アイラ♡ G.W.ブッシュ時代、たしかに副大統領としての彼の名前が頻繁にメディアに登場してたのはよく覚えているけど、実はニクソン政権時代からじわりじわりと頭角を示してきていた人物とは知らなかった。

♤ 若いころのディックはまったくのダメダメ男。イェール大に入れるほどやったのに酒癖が悪く、ワイオミングの田舎で架線工事の作業員をしていたのが、聡明で野心家の妻リンに尻を叩かれて政界入り。下院議員だったドナルド・ラムズフェルドに師事しながら権力の階段を登っていくところがまず描かれる。そこからはほぼとんとん拍子で、実業界にも身を置き、ついにはG.W.ブッシュの副大統領となり実質的に「影の政府」を組織して政権を切り回していく。そもそもG.W.ブッシュは父親と違って傍目にも頼りない大統領にしか見えなかったけど、裏にディックがいたと知れば納得がいく。「Vice」には「副(大統領)」だけでなく、「悪徳」「悪癖」「不徳」なんて意味もあるから、タイトルにはいろんな思惑が込められていそう。
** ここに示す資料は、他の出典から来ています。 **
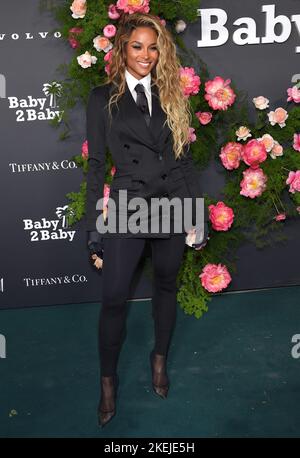 West Hollywood, Stati Uniti. 12th Nov 2022. Ciara arriva al gala del 2022 Baby2Baby presentato da Paul Mitchell tenutosi presso il Pacific Design Center di West Hollywood, CA, il 12 novembre 2022. © Lisa OConnor/AFF-USA.com Credit: AFF/Alamy Live News Foto Stock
♡ 途中で気づいたのが、マイケル・ムーア作品と作りがよく似てること。ドラマの合間に当時のニュース映像や画像がどんどんインサートされて、大量の情報がスピーディーに処理されていくあの感じ。実際、ついていくのが結構たいへん。ところどころで入ってくるナレーションも、マイケル・ムーアの一連の作品を連想させる語り口。

♤ 問題はこのナレーションの声の主。中盤でその正体を見せるのやけど、みたところいかにも平均的なアメリカ人男性。ストーリーとの関連性がさっぱり見えないまま話は進み、最後の10分ほどでようやく彼の役割が判明する・・・。ほかにも、ディックとリンの間でシェークスピアが話題になった際に、2人がベッドの中で「シェイクスピア風にやってみよう」とシェークスピアの劇のセリフのような会話を2通り演ってみせるところなどは完全にコメディ。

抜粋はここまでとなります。